Data items:
..........
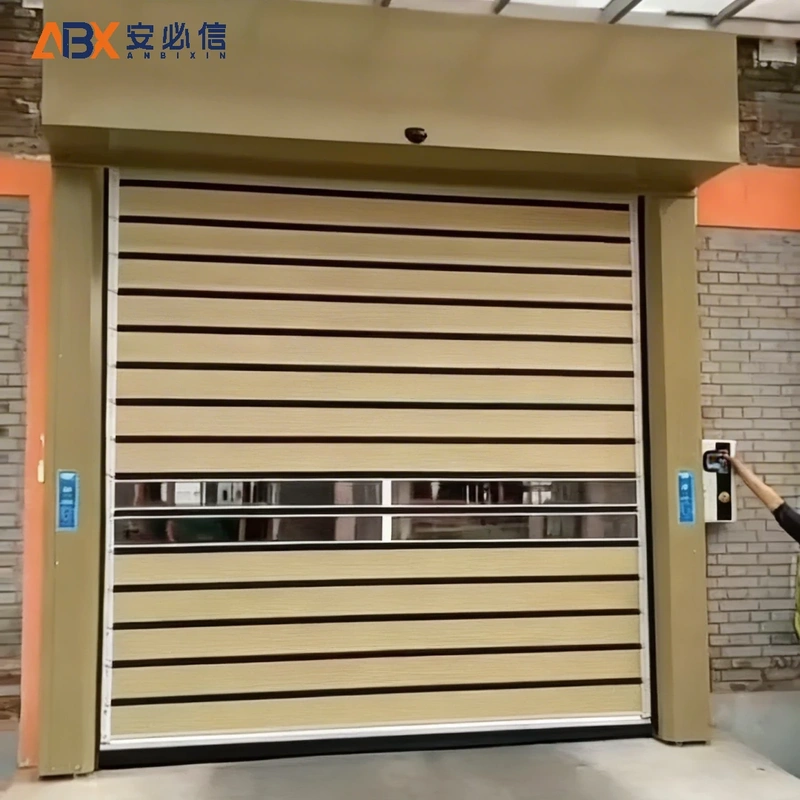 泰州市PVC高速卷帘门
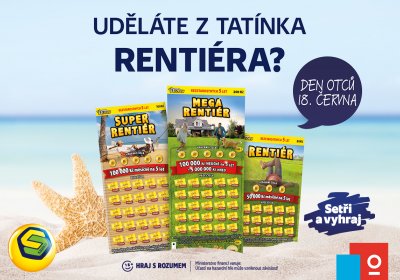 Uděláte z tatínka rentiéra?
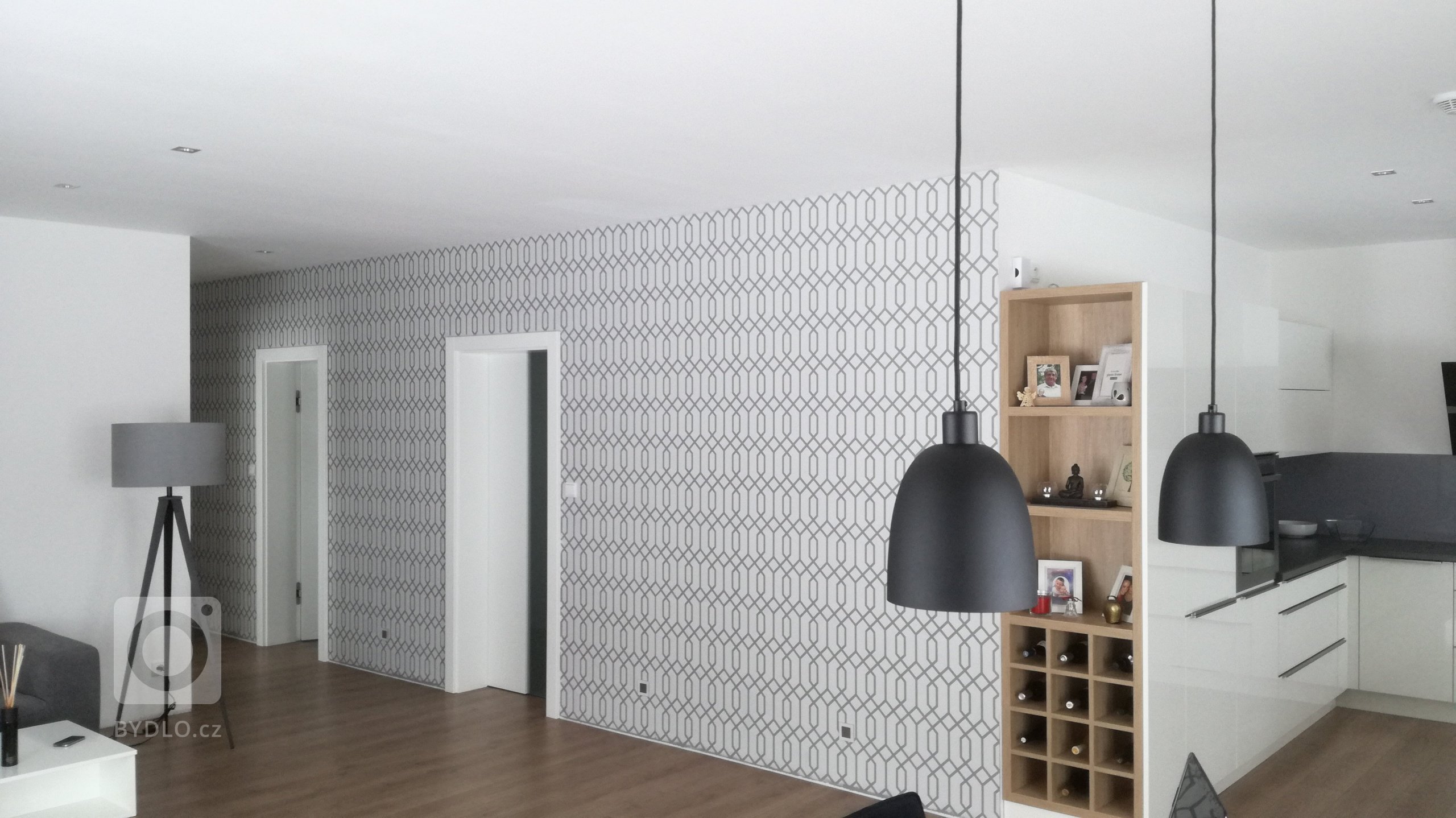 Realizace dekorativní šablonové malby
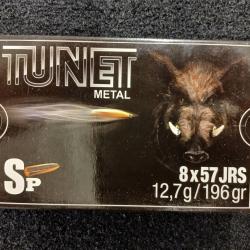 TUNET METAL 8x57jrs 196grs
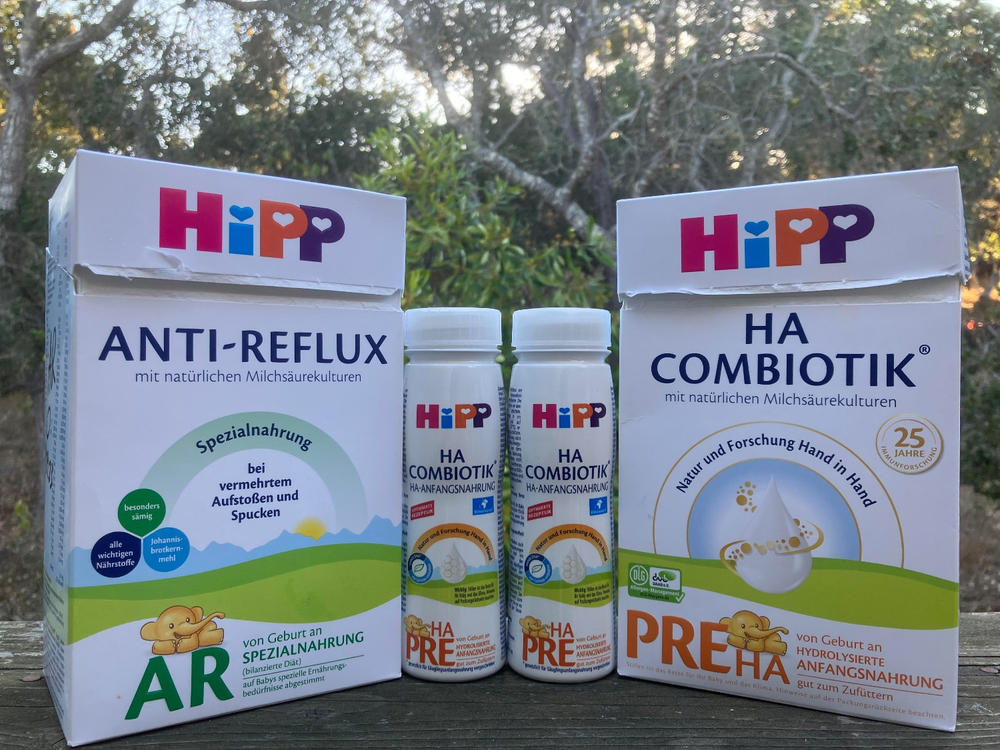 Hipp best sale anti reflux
..........
**WORK ITEM:** Write out exactly the lines from the one containing "Realizace dekorativní šablonové malby" through the last line of the records above, both ends included, and leave out any pictures.

**WRITTEN ANSWER:**
 Realizace dekorativní šablonové malby
 TUNET METAL 8x57jrs 196grs
 Hipp best sale anti reflux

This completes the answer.